-- WORK TASK --
Keep the text of the data exactly as it is and omit each picture from the copy.

-- RECORDED DATA --
• • •

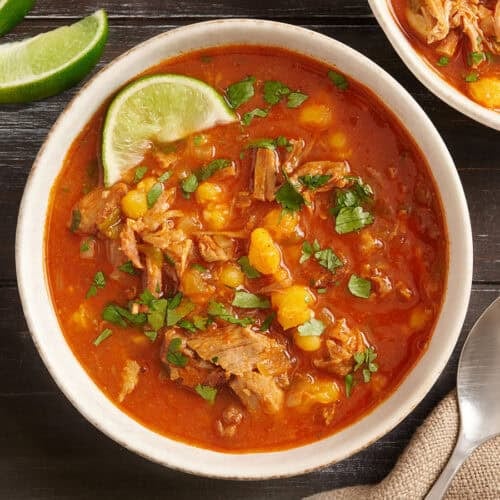 Overhead view of a bowl of homemade 30 minute pozole.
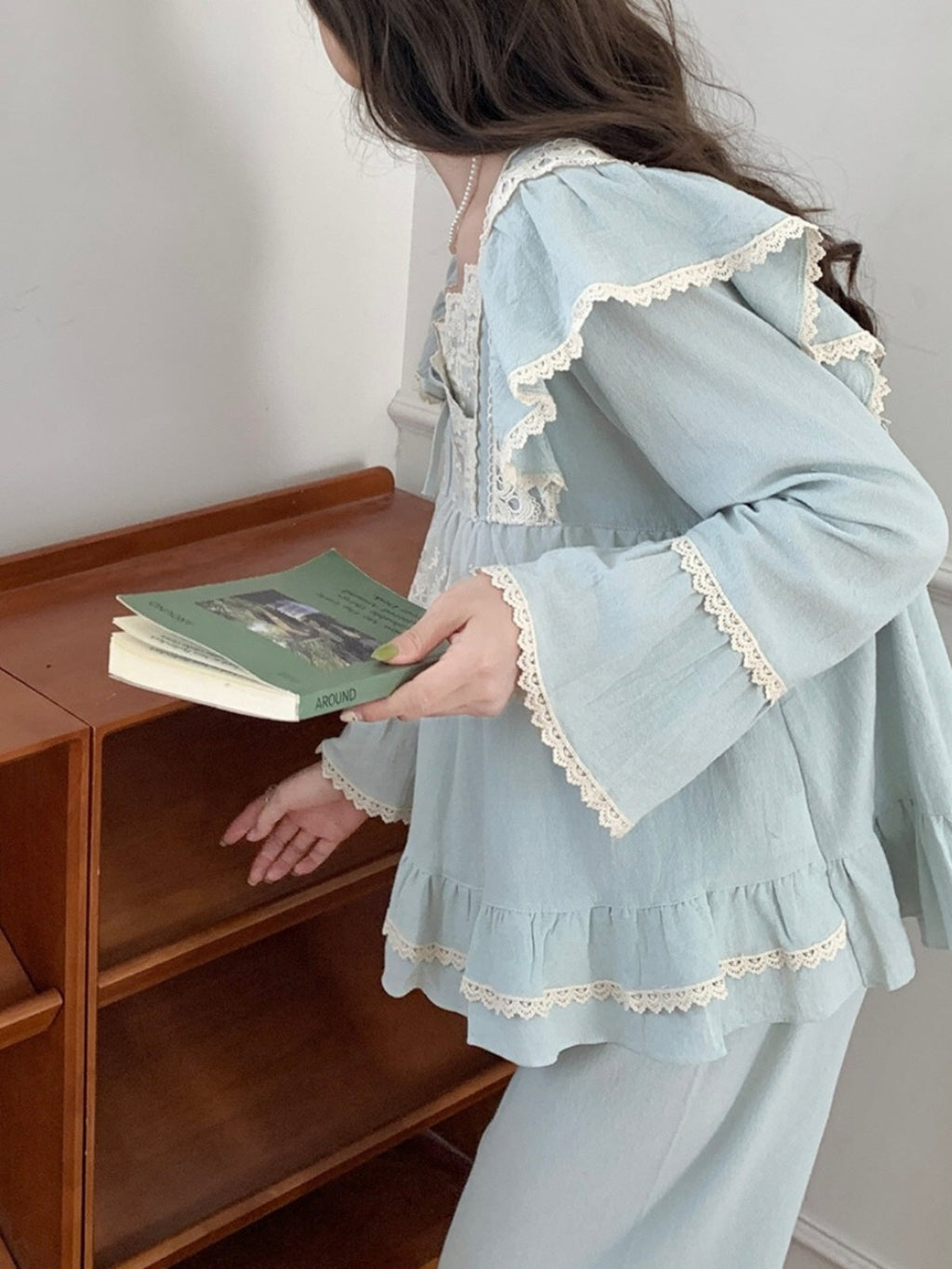 Vintage Lace-Trimmed Cozy Loungewear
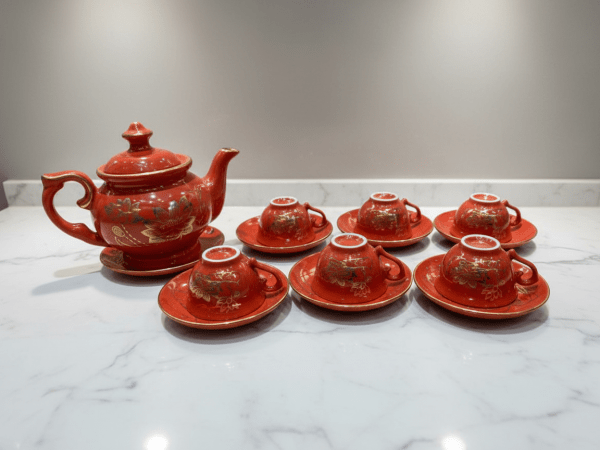 Bộ bình trà dáng cát tường vẽ vàng kim cao cấp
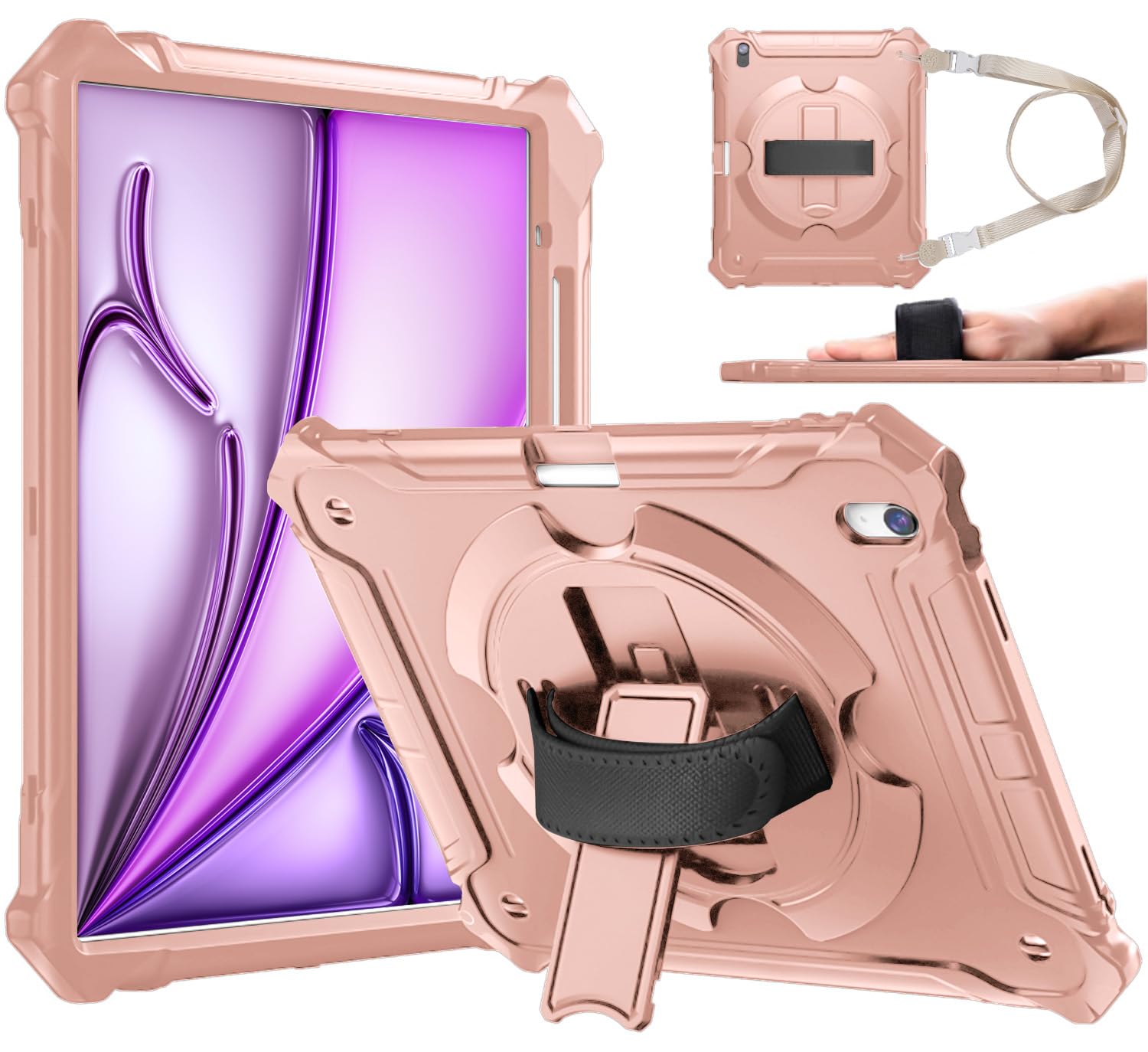 Ztotopcases For New Ipad Air 13 Inch Case (M2) 2024, Shockproof Full Body Protective Cover With 360 Rotating Hand Strap &Stand,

• • •

-- TASK OUTPUT --
 Overhead view of a bowl of homemade 30 minute pozole.
 Vintage Lace-Trimmed Cozy Loungewear
 Bộ bình trà dáng cát tường vẽ vàng kim cao cấp
 Ztotopcases For New Ipad Air 13 Inch Case (M2) 2024, Shockproof Full Body Protective Cover With 360 Rotating Hand Strap &Stand,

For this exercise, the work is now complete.